Continuous Financial Planning
Speaking of continuity, making your financial reporting and accounting processes continuous is one smart step you can take in 2019 to improve financial planning.
In this context, continuous means that reporting and accounting occur on an everyday, ongoing basis, rather than happening as one-off or ad hoc processes.
This strategy may seem counter-intuitive. You typically only deliver financial reports on a periodic basis, so it may seem best to prepare them according to the same rhythm. But by collecting financial data and merging it into reports on a continuous basis, you ensure that you have instant visibility into financial issues as they arise. You don’t want to wait for the next report cycle to discover that one of your departments has exhausted its annual budget a half-year early, or that a major client has delayed payment and created potential cashflow problems.
Compare Theory to Reality
At most businesses, financial reporting and accounting processes look entirely different in theory than they do in practice. In theory, you invoice on a regular schedule, always receive payment within a set period, and spend money according to budgets that were prepared well in advance.
In reality, of course, payment and invoicing details are often missed, and budgets may not be followed.

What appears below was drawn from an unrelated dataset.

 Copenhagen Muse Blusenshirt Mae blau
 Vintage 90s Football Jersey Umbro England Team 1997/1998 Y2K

Unless you work for a particularly well-run company, you’ll probably never get the reality of financial planning to reflect theory. But you can at least assess the extent to which reality diverges from theory, and adjust your financial planning processes accordingly. Maybe you need to build more flexibility into reporting and accounting in 2019 to reflect the sometimes-tumultuous reality of your financial processes.
Reassess Your Stakeholders
Just as it is easy for financial planning theory to go out of sync with reality, it is common for companies to end up with a warped view of who their financial planning stakeholders really are. One department or certain individual(s) might play an essential role in reporting and accounting; as a result, only those people have access to financial planning tools and information.

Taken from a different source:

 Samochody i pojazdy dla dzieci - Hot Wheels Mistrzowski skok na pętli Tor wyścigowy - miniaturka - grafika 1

As 2019 approaches, step back and think about who you currently identify as the key stakeholders in your financial planning processes and consider whether you are leaving anyone out. Have any departments been reorganized in ways that add or remove stakeholders? Have relevant job roles been created or removed? Are the people who are theoretically responsible for driving financial accounting and reporting the best ones to remain in charge?
Destroy Accounting and Reporting Silos
Breaking down so-called silos has become an important mantra in the world of IT, where the focus has shifted in recent years to making sure that different teams collaborate seamlessly instead of having each team devoted to a specific task and paying little attention to what other teams are doing.

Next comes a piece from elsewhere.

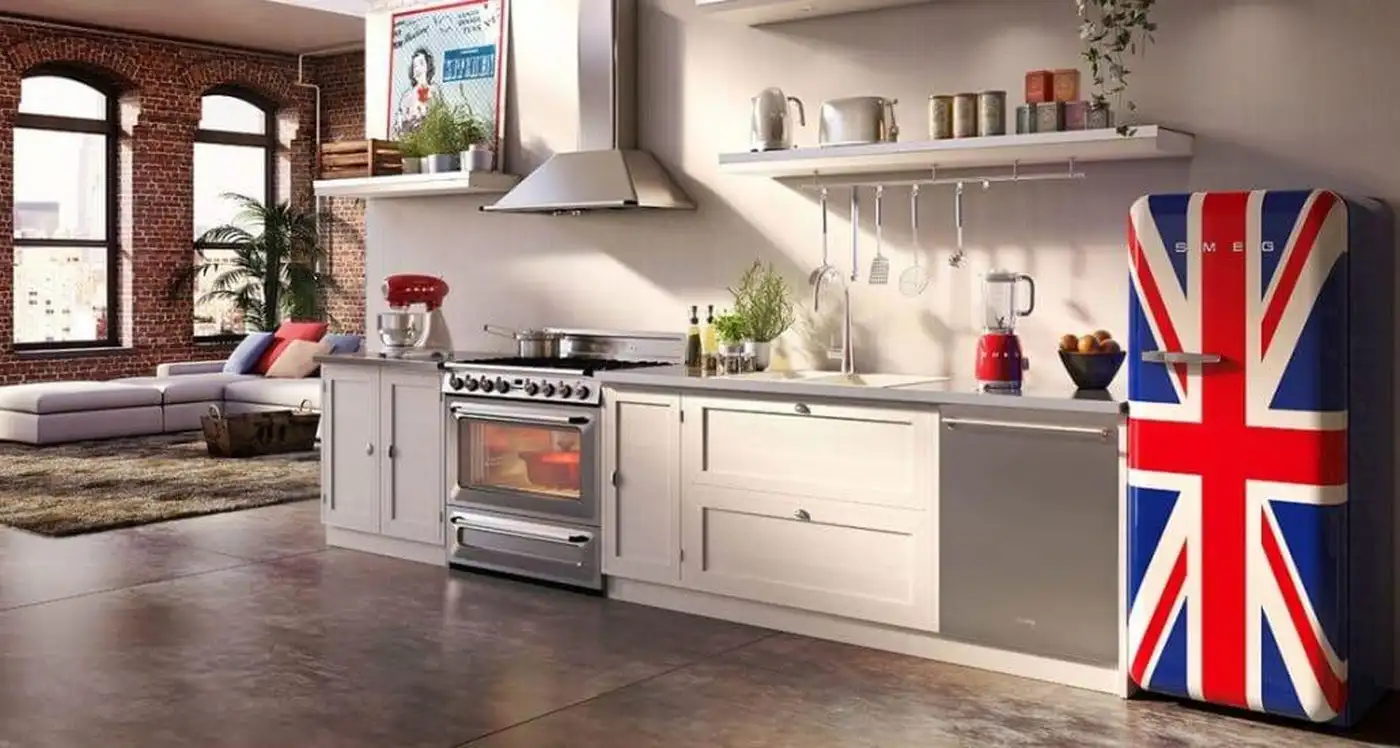 Ретро-стиль 50-х: холодильники SMEG — не просто техника, а арт-объект 2 2 19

The same logic can be valuable within the context of financial accounting and reporting. In a company of any size, multiple individuals and groups must report data in order to make financial planning work. If each of those people or groups currently operates in a silo with little visibility into what others are doing or the state of their accounts, you risk your teams falling out of sync or failing to report critical information promptly.
So, one goal you might set for 2019 is to remove your teams from their various financial-planning silos and ensure that everyone has visibility into financial planning. This does not mean that every small financial reporting activity has to be shared with the entire organization, but that at a high level, everyone has a basic understanding of what others are doing for reporting and accounting on an ongoing basis.
In the world of financial planning, continuous improvement should be a priority. No matter how well your company is doing with financial planning today, you can be even better in 2019.